One of the main recommendations in the report is to integrate training on the needs of LGBTQ+ patients into the curriculum for health-care professionals, including in medical and nursing schools.
The report also recommends increasing access to publicly funded mental-health care and incorporating mandatory training in LGBTQ+ care.
Ziya Jones, who identifies as queer and non-binary, said the study is a “really good starting point” to addressing the disparities that exist for LGBTQ+ patients and hopes it translates into action.
“Generally the health-care systems are not built for us,” they said.
Jones said they have personally felt “reticence” in the past when seeking mental-health care.
“[I’ve] met with therapists who didn’t necessarily have the language to speak about, you know, my personal experiences or who might have been sort of uncomfortable or didn’t necessarily know how to relate to sort of what was going on in my personal life,” said Jones, who lives in Montreal and now goes to a health clinic specializing in LGBTQ+ care.
Jones, who is the managing editor of a new Pink Triangle Press LGBTQ+ health information website called Script, said although people sometimes face “blatant homophobia or transphobia” from health-care providers, they are more often turned away from care because the provider doesn’t feel qualified to treat them.
“I think generally speaking, health-care professionals don’t feel that they have received enough training to treat … trans and non-binary people who are seeking gender-affirming care. And they may not even be necessarily aware of some of those spots where they don’t have the knowledge.”

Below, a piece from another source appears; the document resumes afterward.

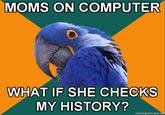 Paranoid Parrot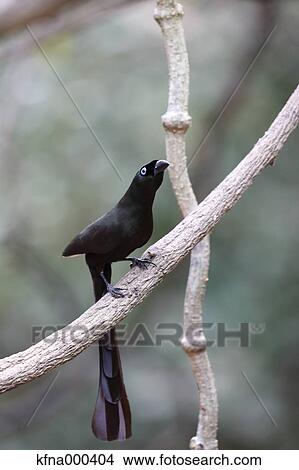 Azure-Winged Magpie View Large Photo Image Picture - Azure-Winged Magpie. Fotosearch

Dr. James Owen, a family physician working with LGBTQ+ patients at a St. Michael’s Hospital clinic in Toronto who was not involved in the report, said the findings “unfortunately” don’t surprise him.

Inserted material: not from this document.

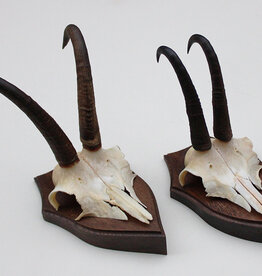 2 x  GEMS hoorns / gewei op  solide eiken schild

“I would say that the majority of patients who I work with have probably had some sort of negative experience in health care, either overt or subtle stigma, discrimination, or just simply a health-care provider who doesn’t fully understand how to meet their needs,” he said.
The Temerty Faculty of Medicine at the University of Toronto, where Owen is an assistant professor and director of the second-year program, has implemented a mandatory gender-diversity curriculum to prepare future doctors to provide care to LGBTQ+ patients.
The report provides more evidence that those patients “do have unmet health needs across the spectrum of health care and that there does continue to be a need for the health-care system to step up,” Owen said.
“I don’t expect every health-care provider to be an expert in trans and gender diverse health … but there are basic building blocks that every health-care provider should know to create that culturally safe environment for patients.”
Pink Triangle Press commissioned Environics Research to conduct the online survey of more than 2,100 Canadian adults between March 19 and April 13, 2025.
The participants included 1,062 people identifying as LGBTQ+ and 1,048 heterosexual, cisgender people.
The polling industry’s professional body, the Canadian Research Insights Council, says online surveys cannot be assigned a margin of error because they do not randomly sample the population.
Environics Research also did 16 virtual one-on-one interviews with health-care leaders, medical students, researchers, specialists in LGBTQ+ care and Indigenous people to delve more deeply into some of the issues identified in the survey.
This report by The Canadian Press was first published Jan. 29, 2026.
Canadian Press health coverage receives support through a partnership with the Canadian Medical Association. CP is solely responsible for this content.